Death-row inmate denied clemency


Associated Press

COLUMBUS

Gov. Ted Strickland denied clemency Monday to a death-row inmate convicted of strangling a 16-year-old girl in 1988, and a federal appeals court rejected the inmate’s claim that he could be violently allergic to the anesthetic Ohio uses to put inmates to death.

Attorneys for Darryl Durr, who is scheduled to be executed today, immediately filed an appeal to the U.S. Supreme Court. The American Civil Liberties Union of Ohio made a separate request to delay the execution and allow further DNA testing.

Strickland said in a statement that he had reviewed the court case and agreed with the state Parole Board’s recommendation not to grant clemency.

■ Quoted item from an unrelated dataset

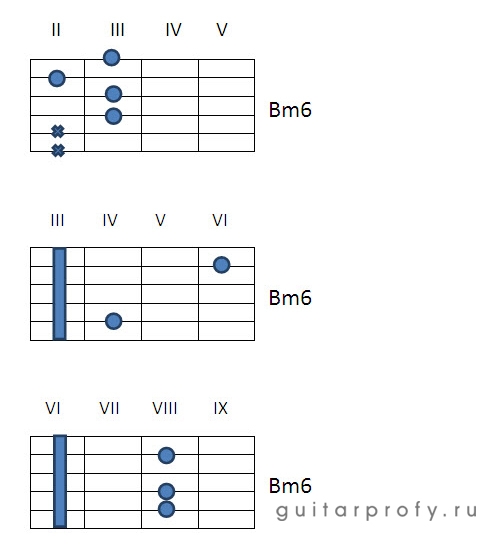 Аккорды B, Bm, B7, B6, Bm6 на гитаре guitarprofy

Durr was transferred Monday from a state prison in Youngstown to the Southern Ohio Correctional Facility in Lucasville, home to the state’s death chamber.

Durr was convicted of kidnapping 16-year-old Angel Vincent from her home in Elyria on Jan. 31, 1988, while her mother and stepfather were away at a Super Bowl party. He raped and strangled her with a dog chain and hid her body inside two orange traffic barrels placed end-to-end in a Cleveland park, prosecutors said.

Several boys playing in the park discovered her body three months later.

Durr, who pleaded guilty to two other rapes that year, says he is innocent and that he didn’t receive a fair trial.